MACHINES COULD REPLACE HALF OF U.S. OCCUPATIONS
Can machines really replace humans on the job? Yes. According to a new study done at the University of Oxford in the U.K., nearly half of all work in the United States is at risk of being lost to machines.
With new tech advances, such as artificial intelligence that can duplicate human reasoning and mobile robots, it is “likely that occupations employing almost half of today’s U.S. workers, ranging from loan officers to cab drivers and real estate agents, become possible to automate in the next decade or two,” reports Bloomberg.
And we’re not just talking about factory work.
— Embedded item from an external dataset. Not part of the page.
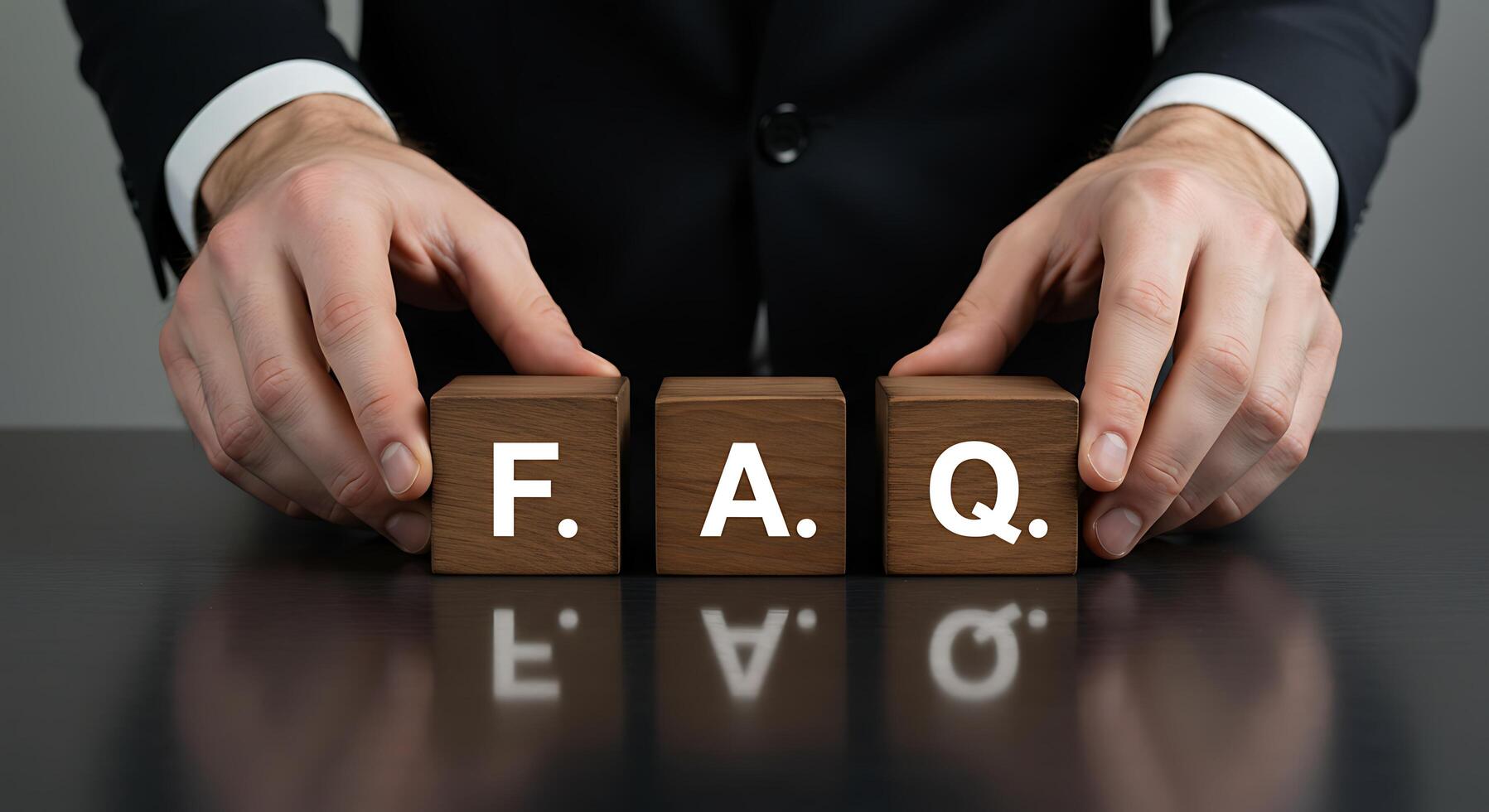 Businessman Arranging FAQ Wooden Blocks on Dark Reflective Surfa photo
According to Carl Benedikt Frey, co-author of the study and a research fellow at the Oxford Martin Programme on the Impacts of Future Technology, advances in machine learning can make it easier for machines to do the job of humans. Machine learning is a kind of artificial intelligence that makes software “learn” how to make decisions by examining patterns in those humans have made. This evolution means machines can replace jobs from typists to travel agents.
Frey and colleague Michael Osborne looked at 702 U.S. occupations and determined 47 percent of occupations could be automated “perhaps over the next decade or two,” their analysis showed.
Top of the list of jobs at risk was loan officers with a 98 percent probability. One online company called Daric Inc. already uses an algorithm that determines who was a safe borrower in the past as well as who is creditworthy.The company doesn’t have one loan officer.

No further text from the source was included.